Influences Orbiting Around the Rare Earth Exhibit


Three ceramic sculptures of incinerator, gas can and communication device
Ceramic Works by Karen Hansen (foreground) and Liz Crain (middle and background)


One great thing about a National Ceramics Exhibit in the neighborhood is there are bound to be several invitees who one might know personally. Or even have studied with. The Rare Earth Exhibit at Cabrillo Gallery is about half way through its run and, since I walk by it twice a week going to my Beastly Beauty Philosophy class, I usually pop in for another gander. To see what I didn’t see. To notice what I didn’t notice. To appreciate not only the anointed company my work is keeping in general, but to acknowledge my connections to the meaningful work of five women I have either studied with and/or feel a tribal closeness to. I am sharing photos of a portion of their work on display and thanking them for the ways they have touched me.

Up top are my two pieces on the left (“Homefire 1957”, last seen in the PVA “HOME” exhibit I have written extensively about and the “Horseshoes and Handgrenades Tea Can” last seen in my private collection.) What tickles me no end is that they’re next to my longtime clay buddy Karen Hansen’s “Amplifier Contraption” on the right. Karen! Look at us up there on a national stage, doing our can-can, or three-legged race, or whatever! I am so proud to be your companion in this funny endeavor of trying to make personally meaningful stuff out of clay and daring to put it out there in the world. Thanks for your humor, insight, tough love and unique point of view.


small ceramic portrait wallpiece by Cynthia Siegel
“High Anxiety” by Cynthia Siegel

Cynthia Siegel guided me deep into figure sculpture and portraiture, an exploration I intend to catch up with in my upcoming new adventures with clay. (see my last post about that intentional seachange.)  Thank you Cynthia for your high standards, in-depth explanations and ongoing international research. You are both my bedrock and my springboard for understanding the skeleton and facial expression. (“Make a figure sculpture working for two hours only start to finish,” you assigned me. Ha!) This little wall portrait shows your skills so nicely: the animation, the bone structure and musculature! That hair. The evident personality. The fact I can notice and appreciate this comes directly from my work with you.

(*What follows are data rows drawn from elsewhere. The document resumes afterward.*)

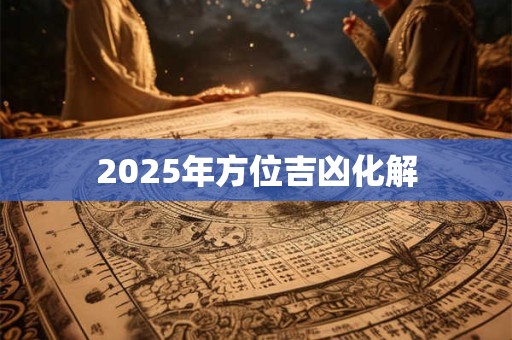 2025年方位吉凶化解 2025年方位吉凶化解
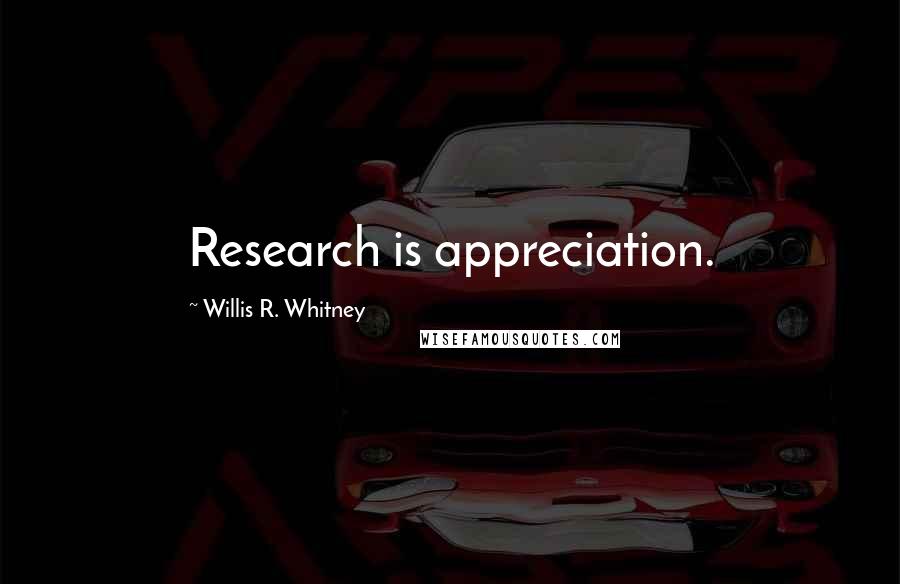 Willis R. Whitney Quotes: Research is appreciation.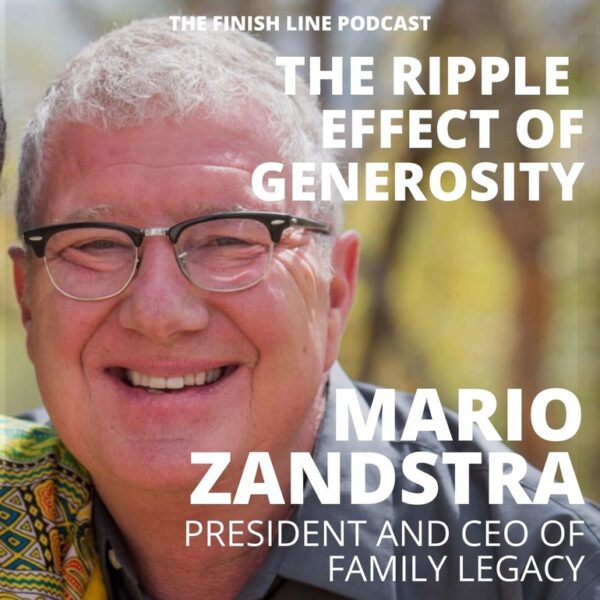 Mario Zandstra , President and CEO of Family Legacy, on the Ripple Effect of Generosity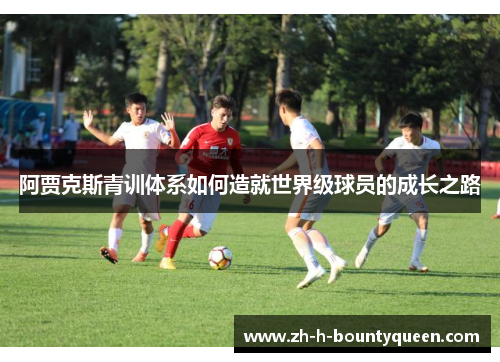 阿贾克斯青训体系如何造就世界级球员的成长之路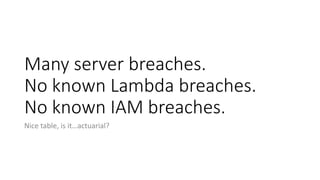Many server breaches.
No known Lambda breaches.
No known IAM breaches.
Nice table, is it…actuarial?
 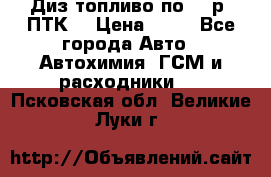 Диз.топливо по 30 р. ПТК. › Цена ­ 30 - Все города Авто » Автохимия, ГСМ и расходники   . Псковская обл.,Великие Луки г.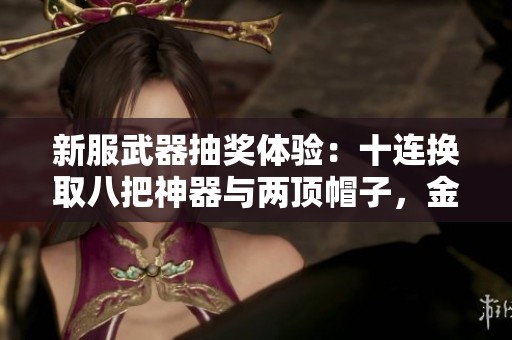 新服武器抽奖体验：十连换取八把神器与两顶帽子，金箍棒与枯骨齐发力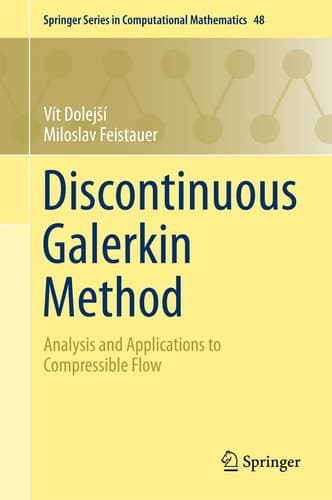 Discontinuous Galerkin Method Analysis and Applications to Compressible Flow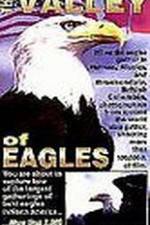 Watch Valley of the Eagles M4ufree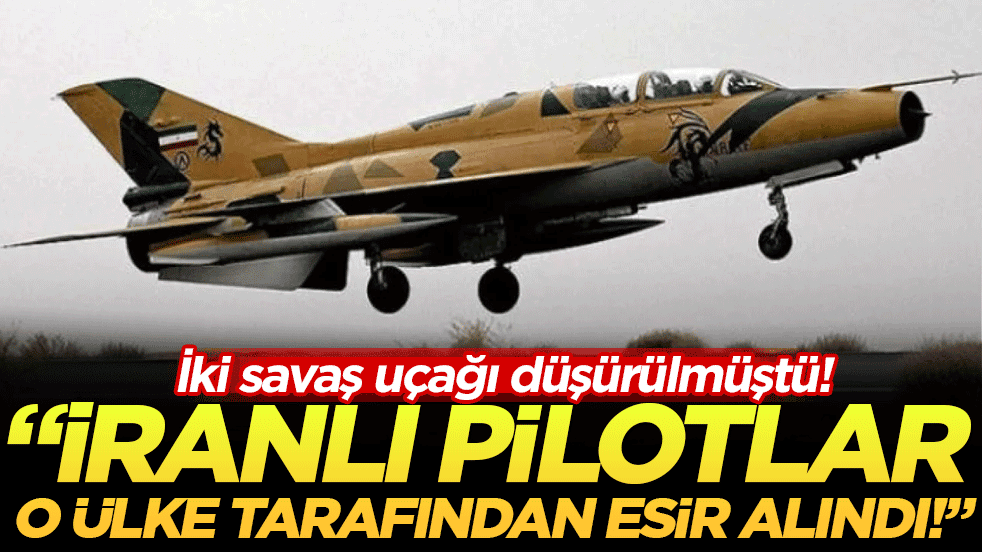 İran'a ait 2 savaş uçağı düşürülmüştü: Pilotlar o ülke tarafından esir alındı!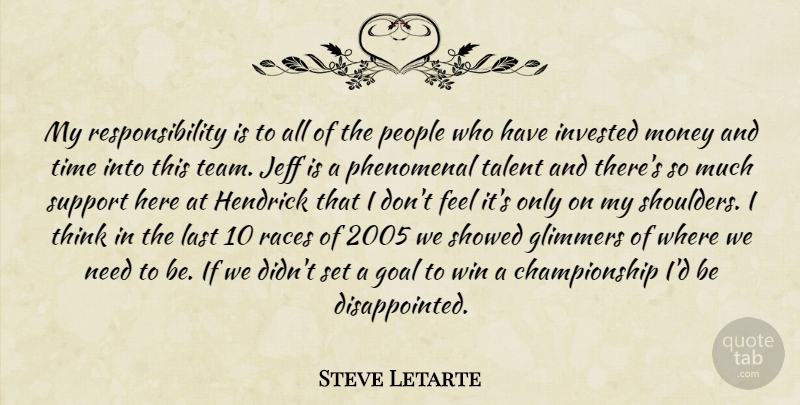 Steve Letarte Quote About Goal, Invested, Jeff, Last, Money: My Responsibility Is To All...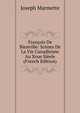 Francois De Bienville: Scenes De La Vie Canadienne Au Xvue Sieele (French Edition), Joseph Marmette 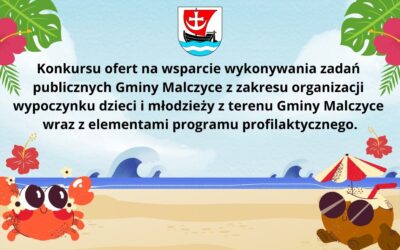 Konkursu ofert na wsparcie wykonania zadań publicznych Gminy Malczyce z zakresu organizacji wypoczynku dzieci i młodzieży z terenu Gminy Malczyce wraz z elementami programu profilaktycznego w roku 2026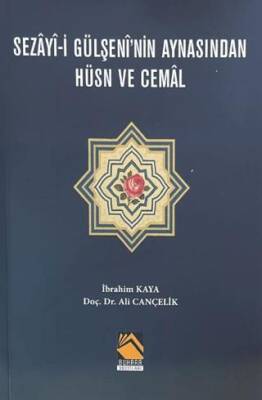Sezay-i Gülşeni`nin Aynasından Hüsn ve Cemal - 1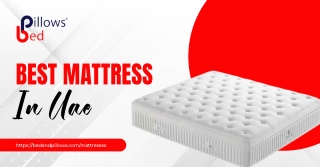Bed and Pillows  Discover the Best Mattress in UAE for Luxury Sleep
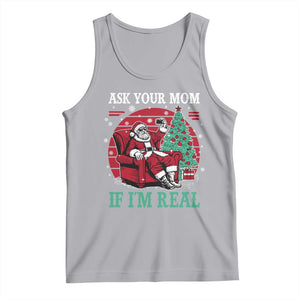 Ask Your Mom If I Am Real Christmas Santa Tank Top Funny Dirty Xmas TS11 Athletic Heather Print Your Wear
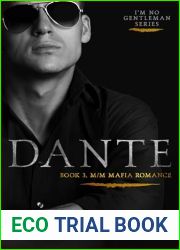 Dante: Book 3 M M Mafia Romance: I|m No Gentleman Series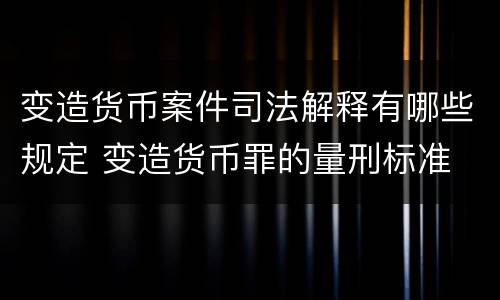 变造货币案件司法解释有哪些规定 变造货币罪的量刑标准
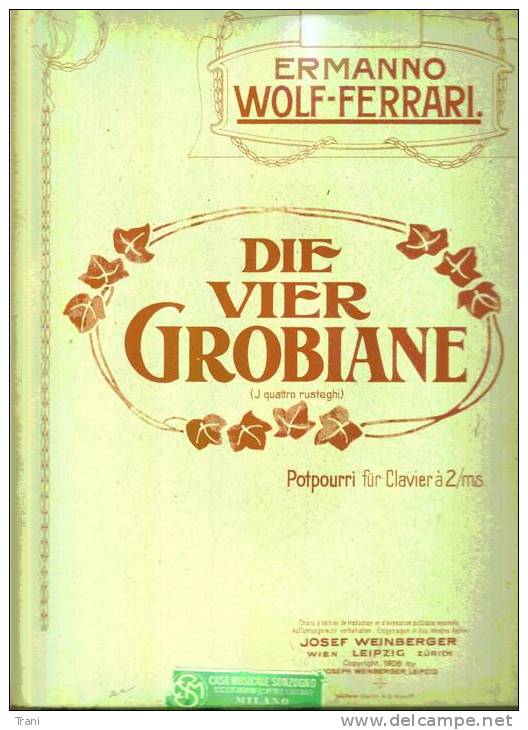 DIE VIER GROBIANE (I Quattro Rusteghi) Anno 1906 - Strumenti A Tastiera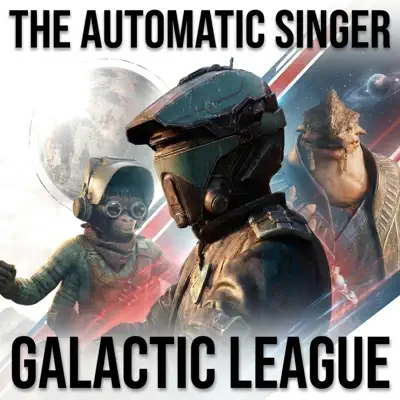 Ascolta 'Galactic League - Single' di The Automatic Singer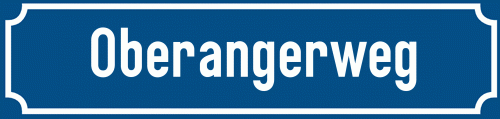 Straßenschild Oberangerweg
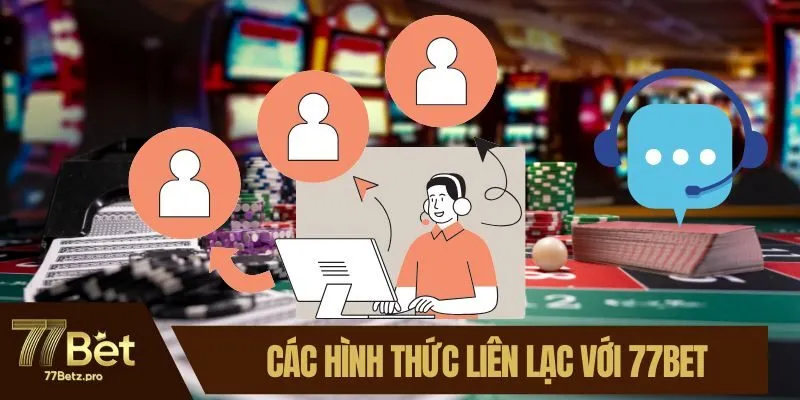 C&aacute;c h&igrave;nh thức li&ecirc;n lạc với 77BET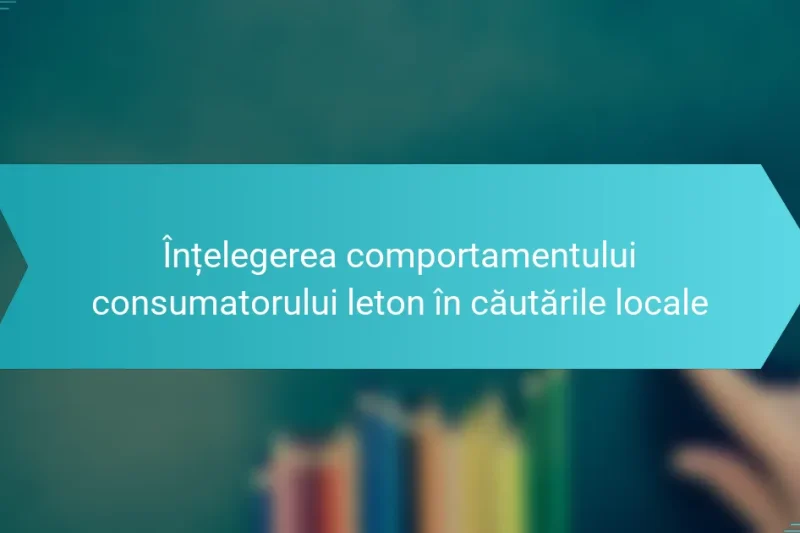 Înțelegerea comportamentului consumatorului leton în căutările locale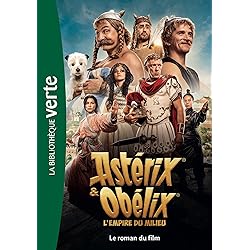 Astérix & Obélix : L'empire du Milieu - Le roman du film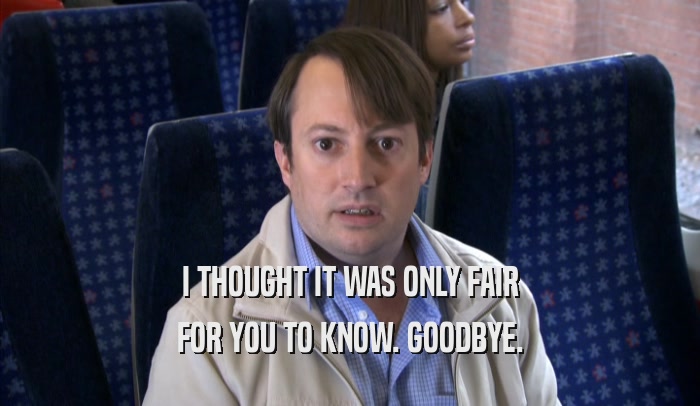 I THOUGHT IT WAS ONLY FAIR FOR YOU TO KNOW. GOODBYE. 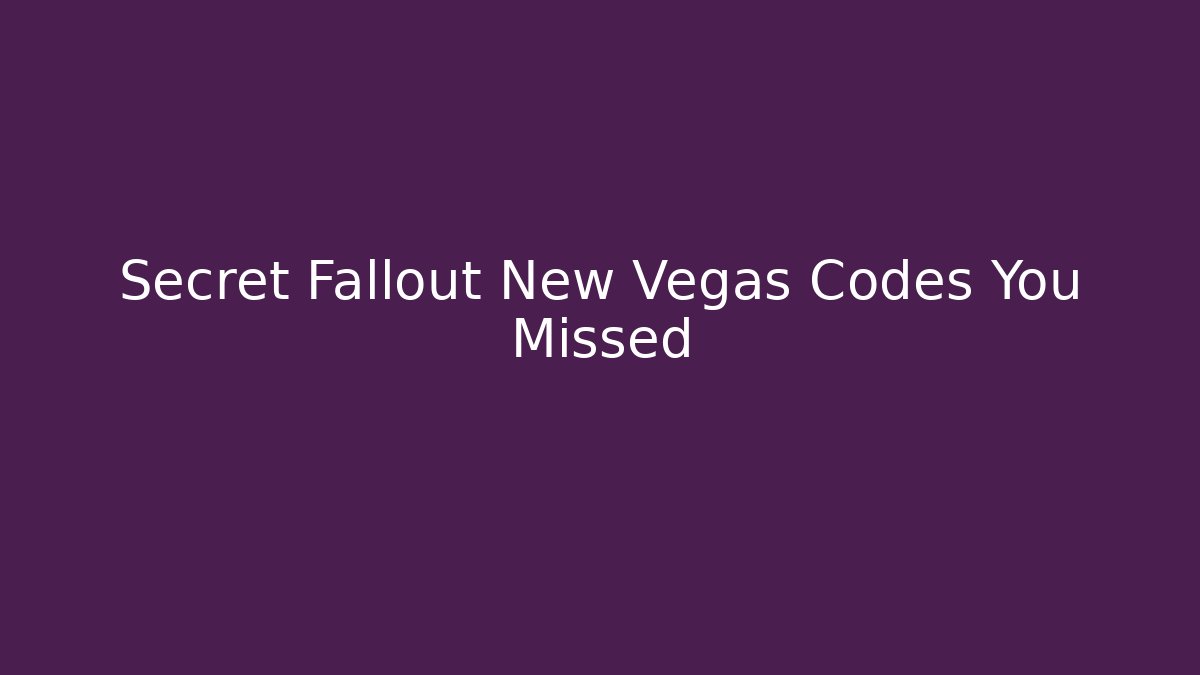 Secret Fallout New Vegas Codes You Missed - Andrea Zevedo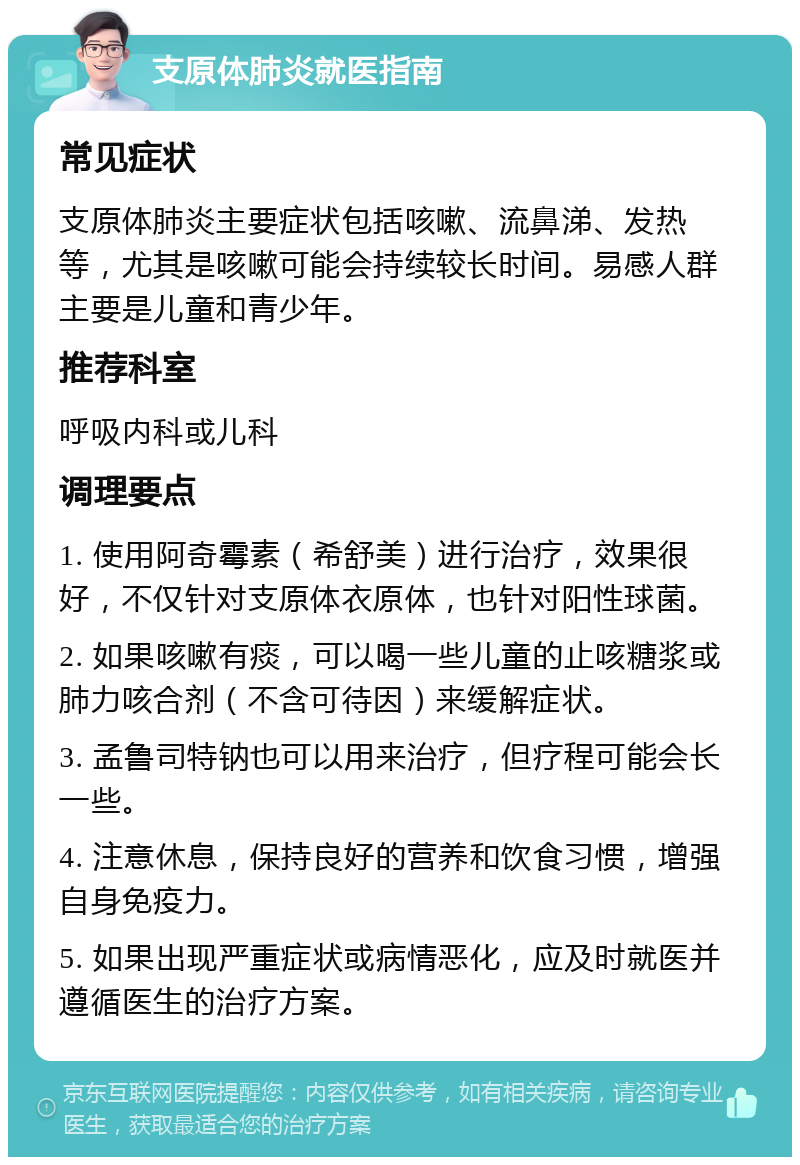 支原体肺炎就医指南 常见症状 支原体肺炎主要症状包括咳嗽、流鼻涕、发热等，尤其是咳嗽可能会持续较长时间。易感人群主要是儿童和青少年。 推荐科室 呼吸内科或儿科 调理要点 1. 使用阿奇霉素（希舒美）进行治疗，效果很好，不仅针对支原体衣原体，也针对阳性球菌。 2. 如果咳嗽有痰，可以喝一些儿童的止咳糖浆或肺力咳合剂（不含可待因）来缓解症状。 3. 孟鲁司特钠也可以用来治疗，但疗程可能会长一些。 4. 注意休息，保持良好的营养和饮食习惯，增强自身免疫力。 5. 如果出现严重症状或病情恶化，应及时就医并遵循医生的治疗方案。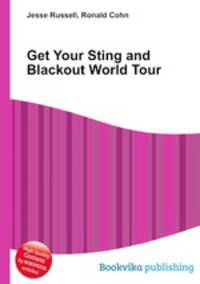 Get Your Sting and Blackout World Tour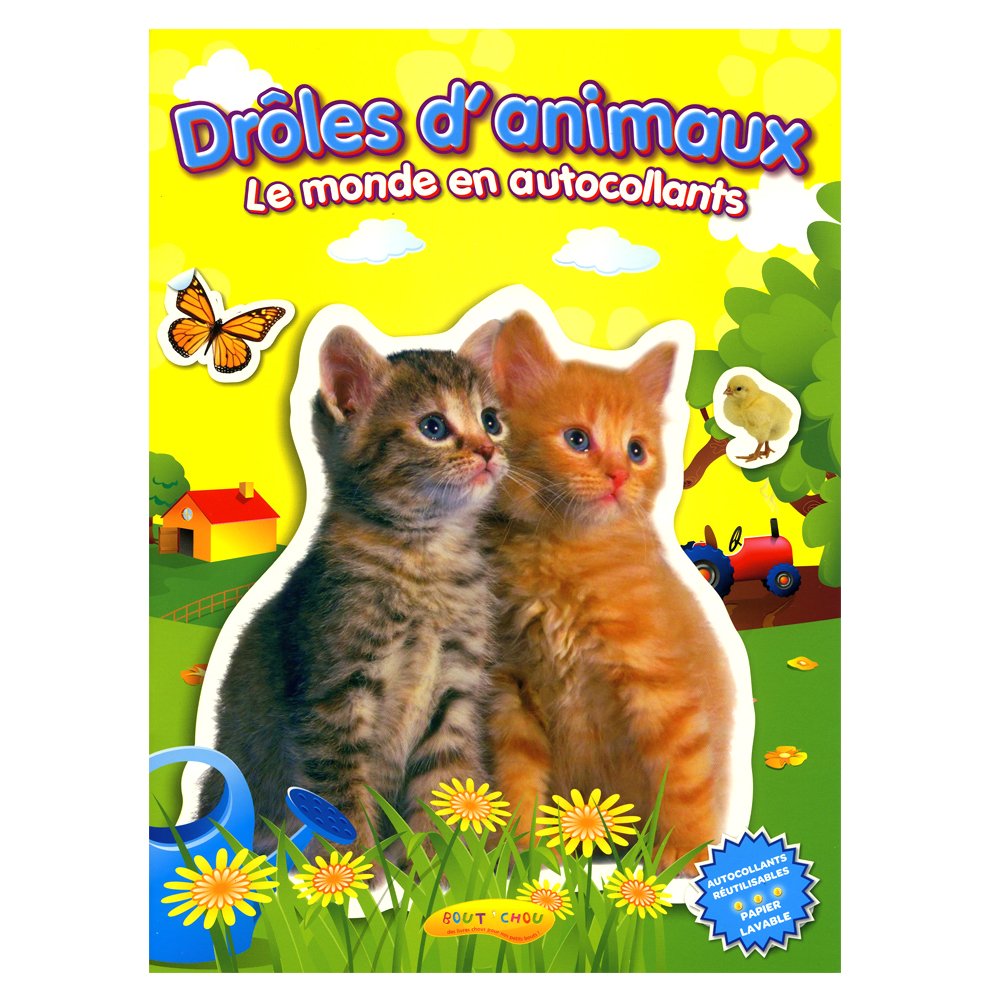 DROLES D'ANIMAUX : Le Monde des Autocollants 2 Chats book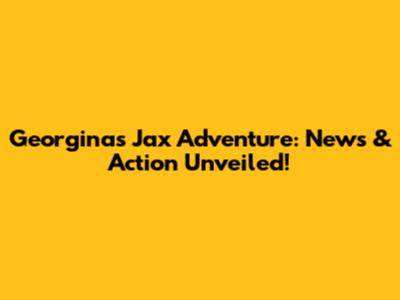 Georgina's Jax Adventure: News & Action Unveiled!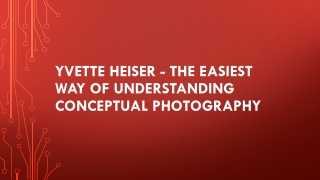 Yvette Heiser - The Easiest Way Of Understanding Conceptual Photography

Ceramic Sculpture of chair, oriole and magnolia
“Oriole’s Magnolia Chair” by Gail Ritchie Bobeda

One regular old night in Beginning Ceramics, Gail Ritchie Bobeda delivered the single most compelling demo and explanation of how to form a simple pinch pot that I have ever seen. (Out of at least 30 – 40 priors.) After her thoughtful description, covering the tricky parts and emphasizing style and graceful finishing,  a three-toed sloth could have made a good one! Gail, I so appreciate your warm clarity and continuing curiosity. Your gentle affection for birds is inspiring. I am grateful for any iota of your prodigious brush skills and design insights that I have snagged as my own.



Ceramic Basket by Sylvia Rios
“Wild Basket” by Sylvia Rios

Sometimes all a person needs is a direct explanation at exactly the right time. Sylvia Rios has shown me several skills I still use: How to keep clay workably wet for a long time, not just a day or two. How to effortlessly form twigs and branches, similar to her basket. A nice dose of sales encouragement when I was very green. And the phrase, “Pouring with a brush” which describes perfectly how one best applies underglazes to reduce streaks. Thank you Sylvia!



Three freeform and illustrated ceramic teapots by Julia Feld
Three Teapots by Julia Feld: “Interrupted Comfort,” “Leashed,” and “The Doll”

After marveling at her work for years, just a short demo workshop with Julia Feld changed my understanding of source material, personal narrative and the melding of idiosyncratic form and imagery. Julia, I am always happy to run into you or your mysteriously compelling work, and both you and it together are the best! I look forward to the time I can study with you more extensively: I still have lots of questions! Your bright and wry spirit is a balm.


–Liz Crain, who fondly sees the threads of connection from each of these women’s pieces to their personalities to their lessons to her hands. It’s not direct or literal, but damn near. She’s reveling in seeing their works together in one place for the next week and then the moment passes.

Exhibit Details: “Rare Earth National Ceramics Exhibition,” Cabrillo Gallery, Cabrillo College, 6500 Soquel Drive, Library Rm 1002, Aptos, CA, October 3 – October 28, 2016.  M-F 9-4, M and Tues eves, 7-9.